## What the exercise asks
Span requested from the data below: the line with "Renault Kaptur I" through the line with "realme Konsept Mağaza", both included. Give only these lines again, exactly, and leave every picture out.

## Extracted records
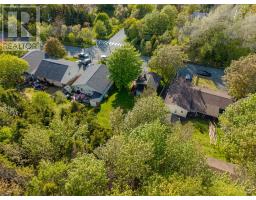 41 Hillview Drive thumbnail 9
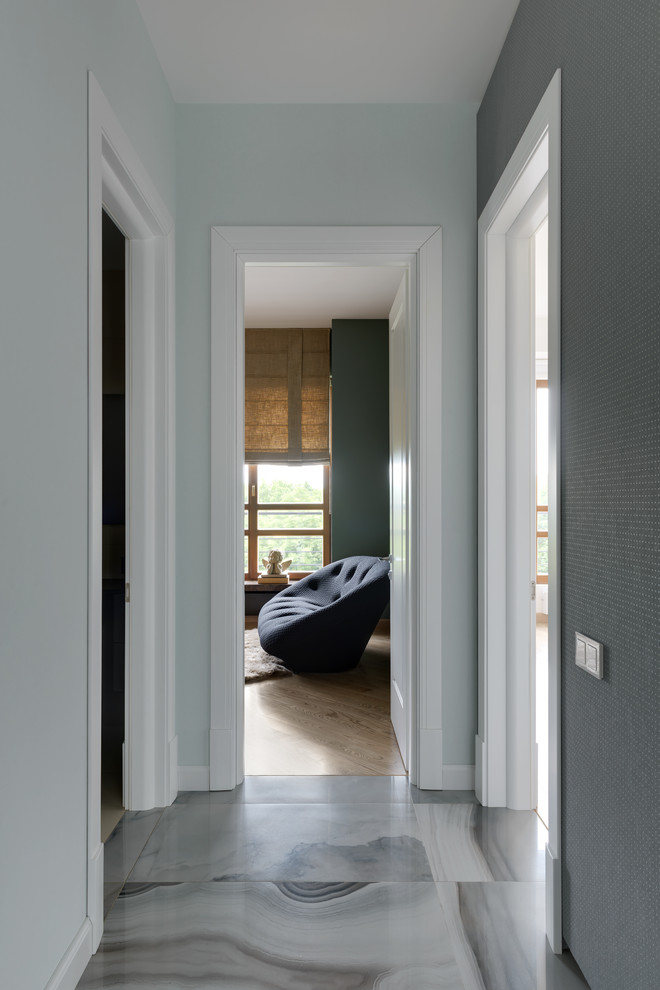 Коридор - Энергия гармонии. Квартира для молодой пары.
--
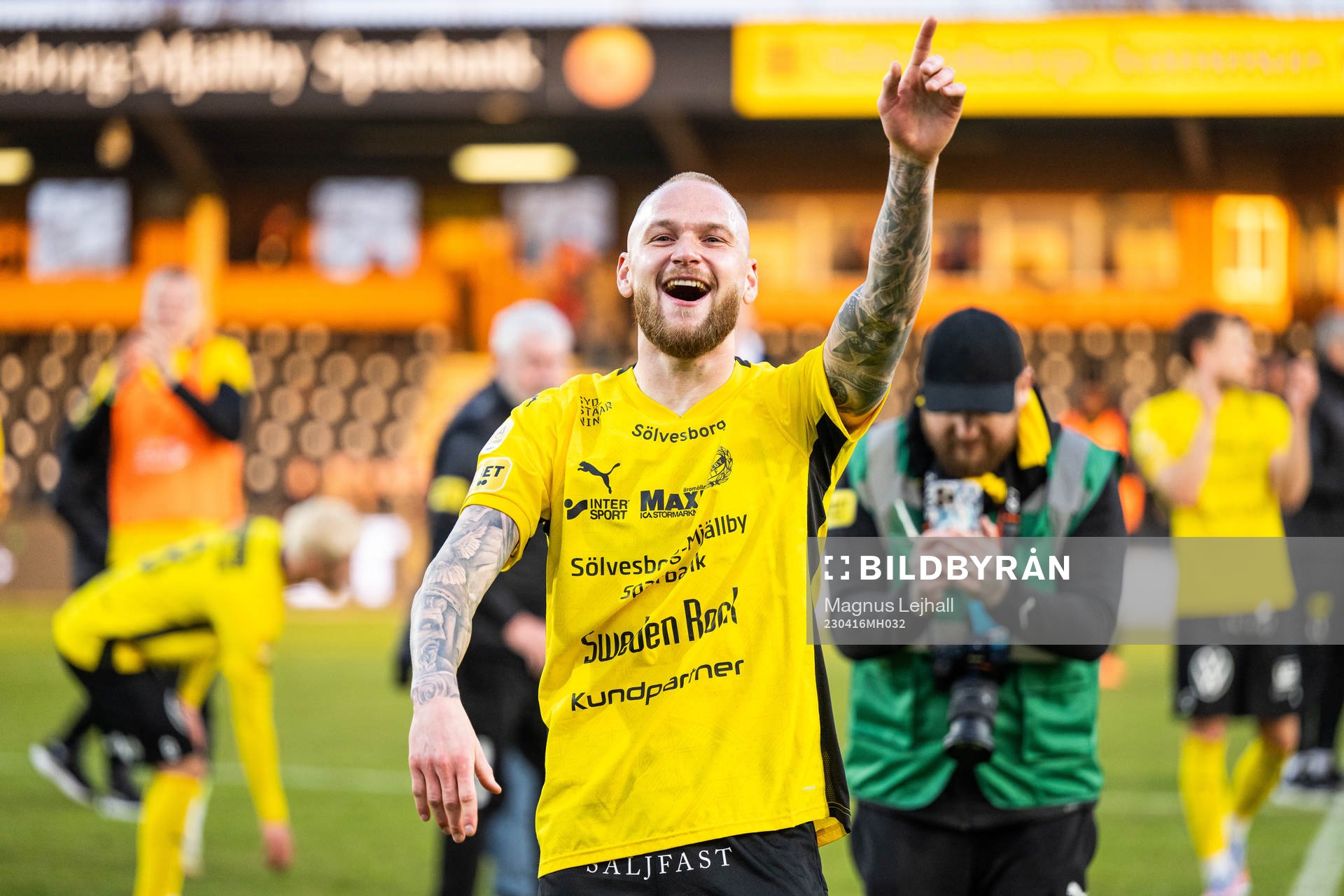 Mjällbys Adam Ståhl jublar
* * *
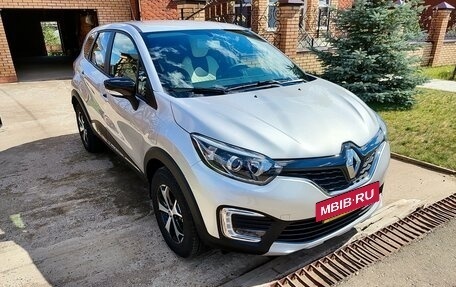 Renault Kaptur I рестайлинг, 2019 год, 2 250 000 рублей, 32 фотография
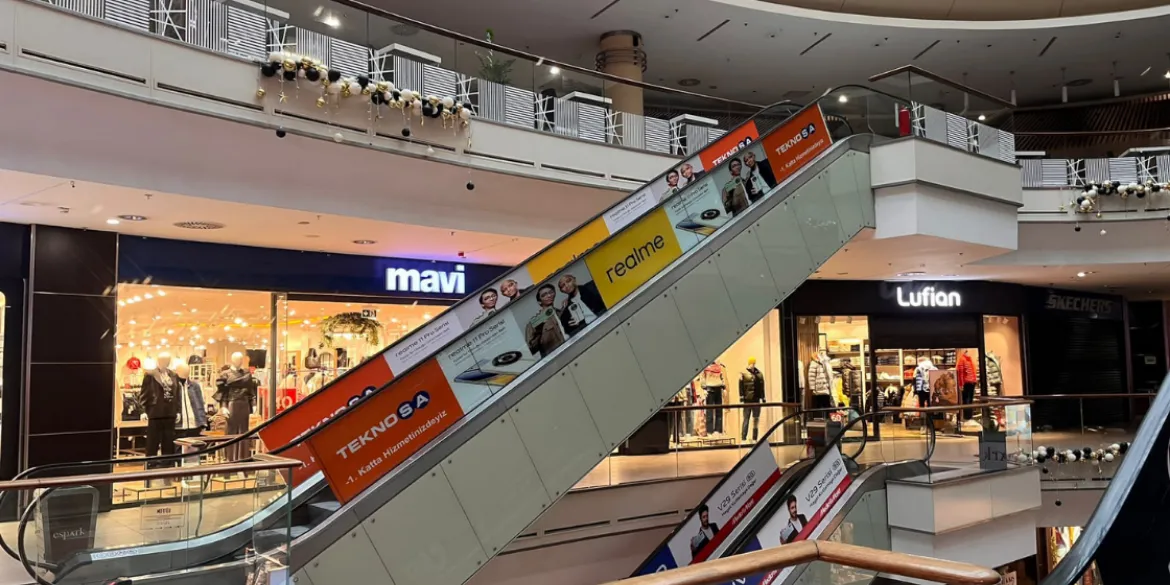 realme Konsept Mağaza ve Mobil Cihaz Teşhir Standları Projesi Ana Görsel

## Exercise solution
 Renault Kaptur I рестайлинг, 2019 год, 2 250 000 рублей, 32 фотография
 realme Konsept Mağaza ve Mobil Cihaz Teşhir Standları Projesi Ana Görsel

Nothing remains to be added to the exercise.